▶ [Problem details]: Retype every record exactly. Leave the pictures out.

BEGIN Provided material

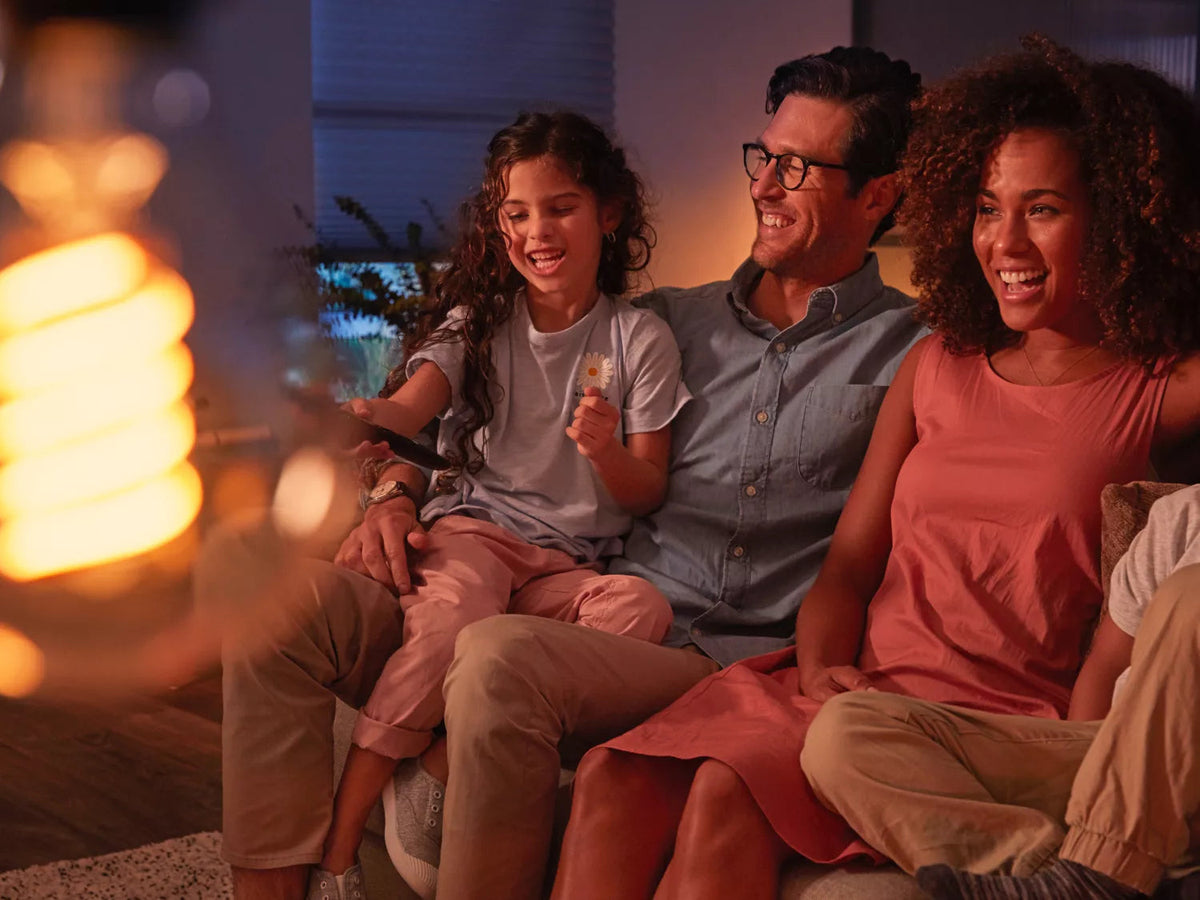 Philips Hue White Filament E27 Globe G93 550Lm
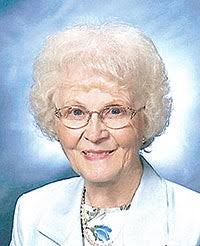 Lorraine Bartz, 96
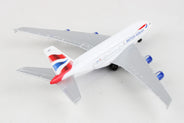Daron British Airways A380 Pesawat Mainan Diecast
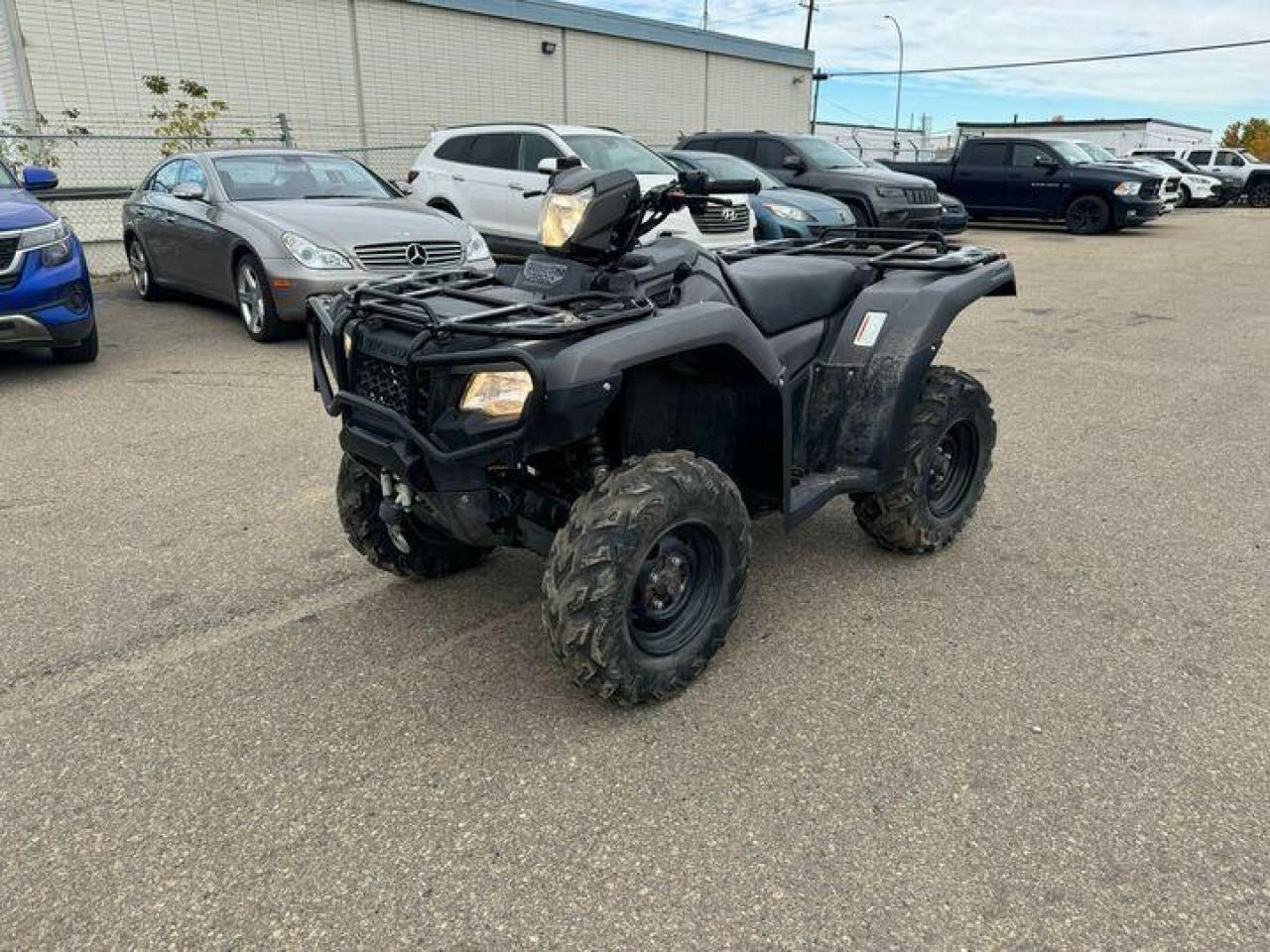 Used 2019 Honda Rubicon IRS EPS $89 B/W for sale in Edmonton, AB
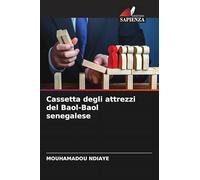 Cassetta degli attrezzi del Baol-Baol senegalese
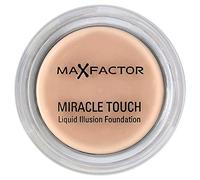 Max Factor Miracle Touch Smoothing Foundation 55 Blush Beige (Old Formula)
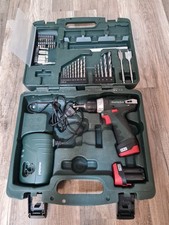 Metabo Powermaxx BS Basic Akku-Bohrschrauber (Kit Akku, Koffer und Zubehör)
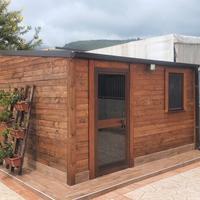 casetta giardino 2,5x2,5 in edilizia libera 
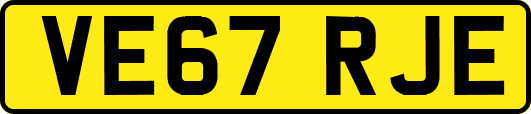 VE67RJE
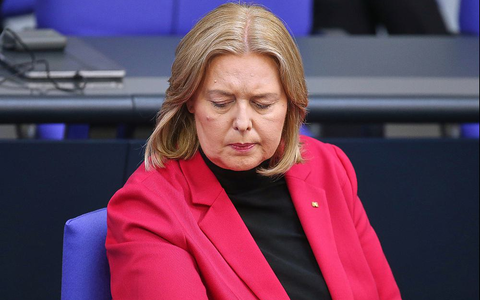 Bärbel Bas am 15.05.2025 - Foto: über dts Nachrichtenagentur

END Provided material

▶ [Result of this exercise]:
 Philips Hue White Filament E27 Globe G93 550Lm
 Lorraine Bartz, 96
Daron British Airways A380 Pesawat Mainan Diecast
 Used 2019 Honda Rubicon IRS EPS $89 B/W for sale in Edmonton, AB
 Cassetta degli attrezzi del Baol-Baol senegalese
 Max Factor Miracle Touch Smoothing Foundation 55 Blush Beige (Old Formula)
 Metabo Powermaxx BS Basic Akku-Bohrschrauber (Kit Akku, Koffer und Zubehör)
 casetta giardino 2,5x2,5 in edilizia libera 
 VE67RJE
 Bärbel Bas am 15.05.2025 - Foto: über dts Nachrichtenagentur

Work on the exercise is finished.